The Sound of Spring
Which Kind of Music Makes You Feel the Season?
Spring does not exist in New York. From March to May, we have a row of days that are almost always more chilly than comfortable. Then, you go outside to what looks like sunny weather and turn back to grab your winter coat. It is such a pain in the butt and in-between time. Still, it is also when flowers and trees bloom, birds sing, and the anticipation for the warmer season rises. Inspired by the latest version of the excellent New York Times music newsletter, “The Amplifier" by Lindsay Zoladz, we want to create our own spring playlist that captures the unique mood of the season.
Turns out that this is not so easy. The first few songs came quickly, but then my mind blanked. You know what a summer song sounds like, don’t you? And what about the moody seasons of fall and winter? They readily resonate in music. But spring? Happiness and anticipation, but not as celebratory as a summer hit? It didn’t make it any easier that Elke and I utterly disagreed on what makes a spring song. But we wanted to give it a try, so we collaborated, of course, and here come our first glamglare Songs For Spring playlist.
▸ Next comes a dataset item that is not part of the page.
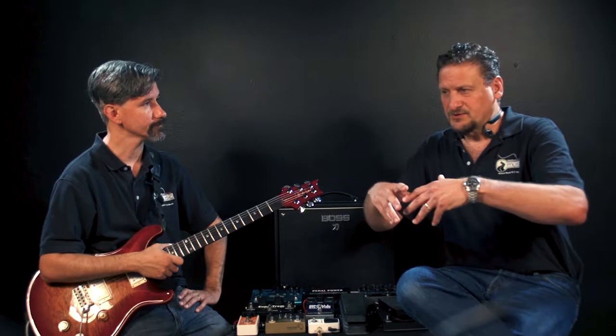We get a lot of questions about pedals. People come in wanting to know how to get a certain sound off of a record, or a particular style. With pedals, there are multiple ways to go. Pedals were really the first track when it came to signal processing for guitar, and they've evolved over the years.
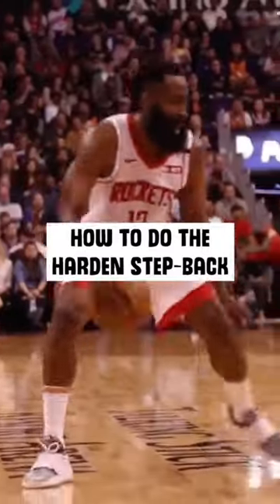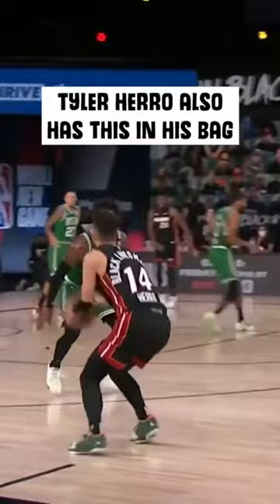Today we're going to break down a variation of Harden's signature step back move. I've also seen Tyler Herro have this in his bag in the bubble.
Beautiful days exist in any season, but the rush of joy when you can finally drop your jacket, go outside and feel the warm air on your skin, is reserved for spring. U2's “Beautiful Day” was actually released in the fall of 2000, but we listened to it a lot in the spring of 2001 when we just had moved to New York City. “Oblivion” is a rather dark song, but for me, Grimes's musical style is synonymous with spring feelings: upbeat, bright, and full of energy.
The same goes for french synth duo Air, particularly their 1998 album Moon Safari. Listen to “Femme D’Argent,” and you will see a flowering landscape in your mind. “Everybody Wants To Rule The World,” the Tears For Fears superhit, is an easy one: it came out March 22, 1985, and has a shimmering brightness throughout the song.
I’m not entirely sure why “Queer,” one of the first singles by Garbage, popped into my mind, but it probably has something to do with the excitement I felt about the direction music took in the mid-90s with Bands like Garbage. Fast-forward to 2020: “Stay” by New York singer, songwriter, and producer Mïrändä, released January 31, is so emotionally overflowing that it feels like spring came early.
Once I remembered “Isobel,” it was also a no-brainer. This song, like others on Björk’s 1995 album Post has a soaring quality that I associate with spring. The same goes with “My Love is Waiting” by NYC singer/songwriter Blake Morgan: which other season is more in sync with being in love than spring?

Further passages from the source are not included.